By Azeem Ibrahim
With the recent publication of the United Kingdom’s Integrated Review of Security, Defence, Development and Foreign Policy, a country that lost an empire may finally have found a role. That matters not just in a post-Brexit Britain looking for direction but for a world in which the U.K. still matters. Though no superpower, the U.K. remains a significant player on the geopolitical chessboard, with sustained medium- to long-term capabilities that can alter global dynamics. The shift in defense stance and offensive focus that this review signals will do just that.

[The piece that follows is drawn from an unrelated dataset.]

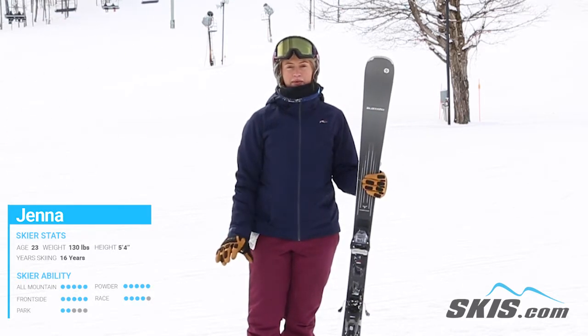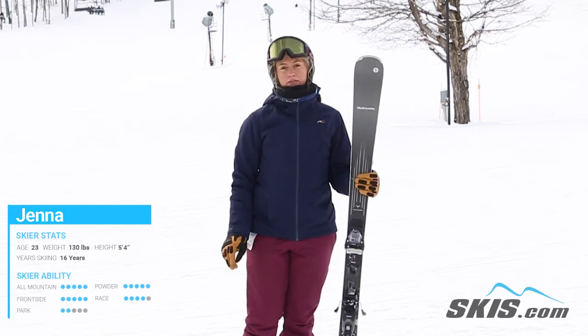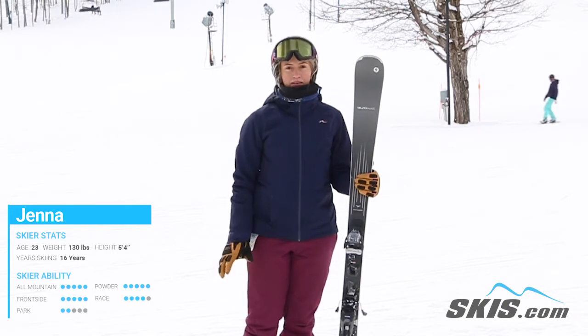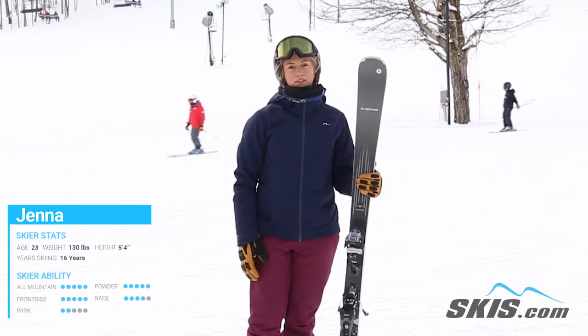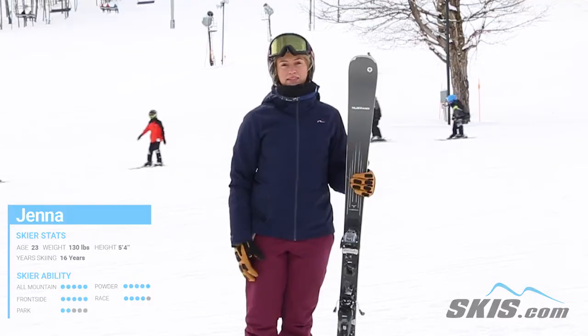If you're a little bit more of an intermediate to advanced skier, I would advise definitely to look for something that's a little bit more stable at higher speeds, because this wasn't the best once you picked up your speed a little bit. It was a little bit choppy, but overall it had a decent hold to it underfoot at moderate to slower speeds. I definitely would recommend this for you if you're more of a beginner to intermediate skier.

After World War II, the U.K. settled into a path of managed decline on the global stage as it slowly withdrew from an empire it could no longer afford. Part of the process was the conscious effort to become a trusty lieutenant to the then-unquestioned Western superpower, the United States, while aiming its dwindling capacities at defending against the potential ambitions of the Soviet Union in continental Europe and ditching expensive imperial possessions. Consequently, the defense posture of the country for the past half-century has been largely aimed at large-scale land battles in Europe against the national armies of Warsaw Pact countries.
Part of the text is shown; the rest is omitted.